Masyarakat Indonesia cukup beruntung. Wikipedia bisa jadi rujukan buat nyari padanan lokal bahasa asing yang sebenernya cukup nyaman di telinga. Misal pelantang sebagai padanan buat loudspeaker, purwarupa untuk prototype, atau klub janapada buat country club.
Terus terang, istilah bernuansa lokal itu kadang membantu kadang bikin repot. Sebagai penikmat acara masak di teve (konon yang bener begini bacanya, walaupun mahluk se-Indonesia Raya lebih suka menyebutnya tivi), saya mulai terbiasa mendengar kata penanggah atau sepen sebagai sinonim kata pantri.

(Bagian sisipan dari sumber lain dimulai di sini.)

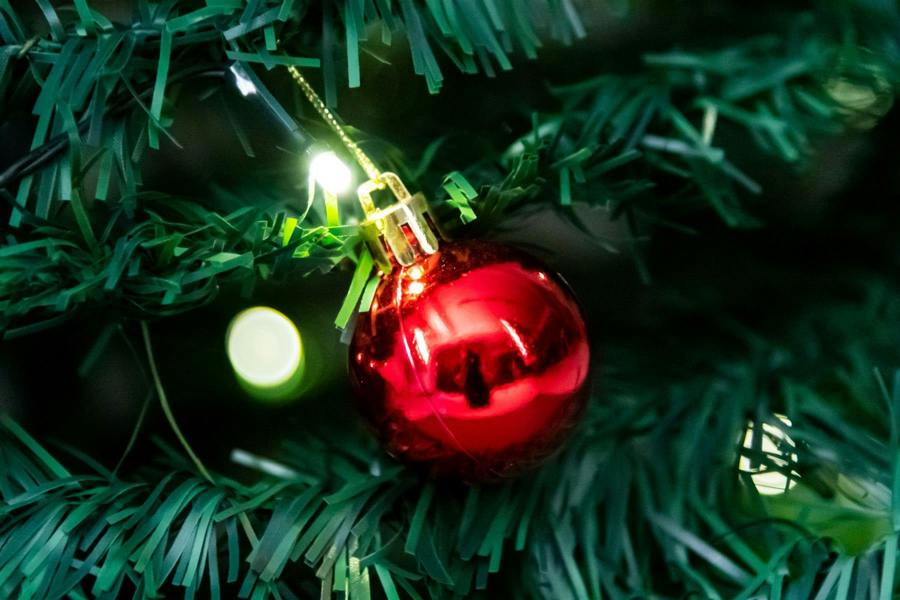 4ft to 6ft Pre-Lit Pop-Up Christmas Tree with Warm White LEDs and Red Baubles image 8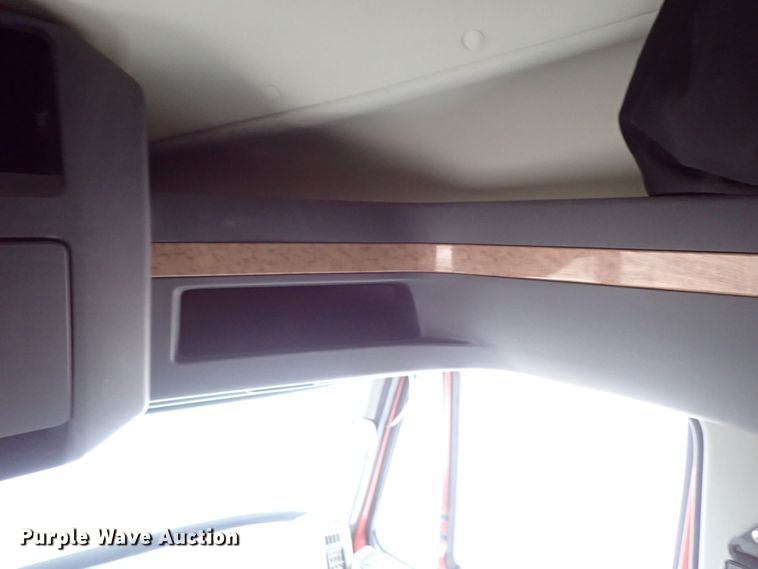 image for item IS9397 2012 International ProStar  semi truck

Cuman saya nggak bisa seenak itu make kata sepen atau penanggah kalau saya ada di kantor, terutama kalau lagi ngobrol. Kalau udah terbiasa ga majalah, tapi alih-alih kopi yang kita minta cepet jadi, kita malah ngasih kuliah bahasa dulu ke mas atau mbak pramukantor. Begitu juga kalau kita minta tolong orang lain untuk diambilin sesuatu di atas nakas.
Ngomong-ngomong tentang nuansa lokal, saya sendiri termasuk yang kagok pas nemu kata "sanggraloka" di salah satu serial Jepun, terutama di bagian judul episode. Yang bikin saya kagok sebenernya bukan kata sanggralokanya, tapi karena saya nggak terlalu akrab dengan istilah=istilah lokal yang dipakai.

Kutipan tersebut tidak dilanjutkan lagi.